Since we will be running the agent locally, we need to create a client secret for authentication. Run the following command to create a client secret:

Add-EntraBetaClientSecretToAgentIdentityBlueprint

Note the client secret value that is generated, as you will need to add it to your .env file for local development.

Set up the Agent demo application

Create an app registration for the Agent demo single-page application

  • Go to the Microsoft Entra admin center and navigate to "App registrations".
  • Click on "New registration" and create a new app registration for the Agent demo frontend application
  • Name: Agent Demo Frontend
  • Supported account types: Accounts in this organizational directory only
  • Redirect URI (single-page application): http://localhost:8080
  • Click "Register" to create the app registration.

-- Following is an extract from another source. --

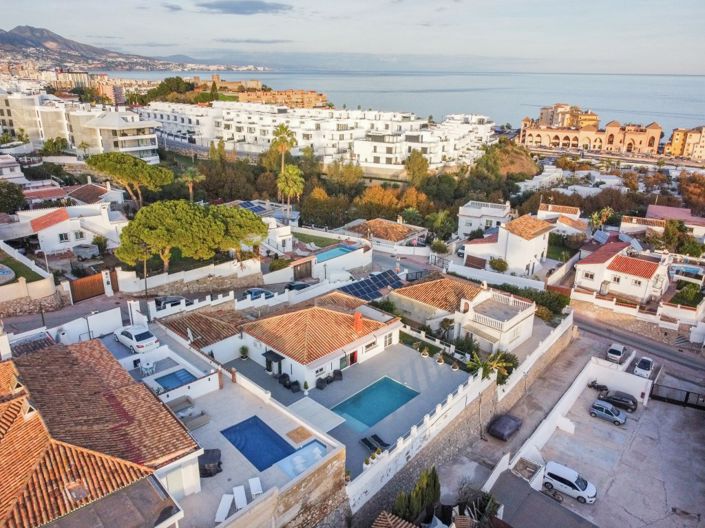 Image No.1-2 Bed Villa for sale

Create environment variables for the server

Create a .env file in the /agent-0/server directory with the following content:

# API Environment, local|test|prod
NODE_ENV=development

# Server Configuration
API_HOST=localhost
API_PORT=3000

# CORS Configuration
ALLOWED_ORIGINS=http://localhost:8080


# Microsoft Entra ID Configuration
# Get these from your Agent Identity Blueprint app registration in Entra admin center
ENTRA_TENANT_ID='<your_tenant_id_here>'    # Directory (tenant) ID of your Entra tenant
ENTRA_CLIENT_ID='<your_agent_blueprint_id_here>'    # Application (client) ID of Agent Blueprint
ENTRA_AUDIENCE='api://<your_agent_blueprint_id_here>'  # Application ID URI from Expose an API

# Agent ID Configuration
# Agent Identity Blueprint (parent template)
AGENT_BLUEPRINT_ID='<your_agent_blueprint_id_here>'                    # Same as ENTRA_CLIENT_ID

# Agent Identity (child instance)
# Get this from the Graph API response when creating the Agent Identity
AGENT_IDENTITY_ID='<your_agent_identity_id_here>'                # Id of the Agent Identity

# Authentication Method
# For LOCAL DEVELOPMENT: Use client secret (not recommended for production)
USE_MANAGED_IDENTITY='false'
ENTRA_CLIENT_SECRET=''            # Client secret (for dev only!)

# Agent0 Configuration
OPENAI_API_KEY='<your_openai_api_key_here>'

Create environment variables for the client

Create a .env file in the /agent-0/ directory (note: Not in the /client directory) with the following content:

# API Environment, local|test|prod
NODE_ENV=development

# Server Configuration
API_HOST=localhost
API_PORT=3000

# CORS Configuration
ALLOWED_ORIGINS=http://localhost:8080

# Frontend Entra Configuration (prefix with VITE_ for Vite)
VITE_ENTRA_TENANT_ID='<your_tenant_id_here>'
VITE_ENTRA_CLIENT_ID='<your_spa_client_id_here>'    # Application (client) ID of the SPA app registration
VITE_ENTRA_API_SCOPE='api://<your_agent_blueprint_id_here>/access_agent_as_user'

Install dependencies and run the server

  • Navigate to the agent-0/server directory in your terminal.
  • Run npm install to install the necessary dependencies.
  • Run npm run dev to start the server.

Install dependencies and run the client

  • Open a new terminal window and navigate to the agent-0/client directory.
  • Run npm install to install the necessary dependencies.
  • Run npm run dev to start the development server for the frontend application.

Test the application

  • Open your web browser and navigate to http://localhost:8080.
  • Click the "Login" button to authenticate using Microsoft Entra ID.
  • Ask the agent a question. Since we granted User.Read permissions to the agent, you can ask it to read your profile information, such as "What is my name?" or "What is my email address?" The agent should be able to retrieve this information using the Microsoft Graph API and respond accordingly.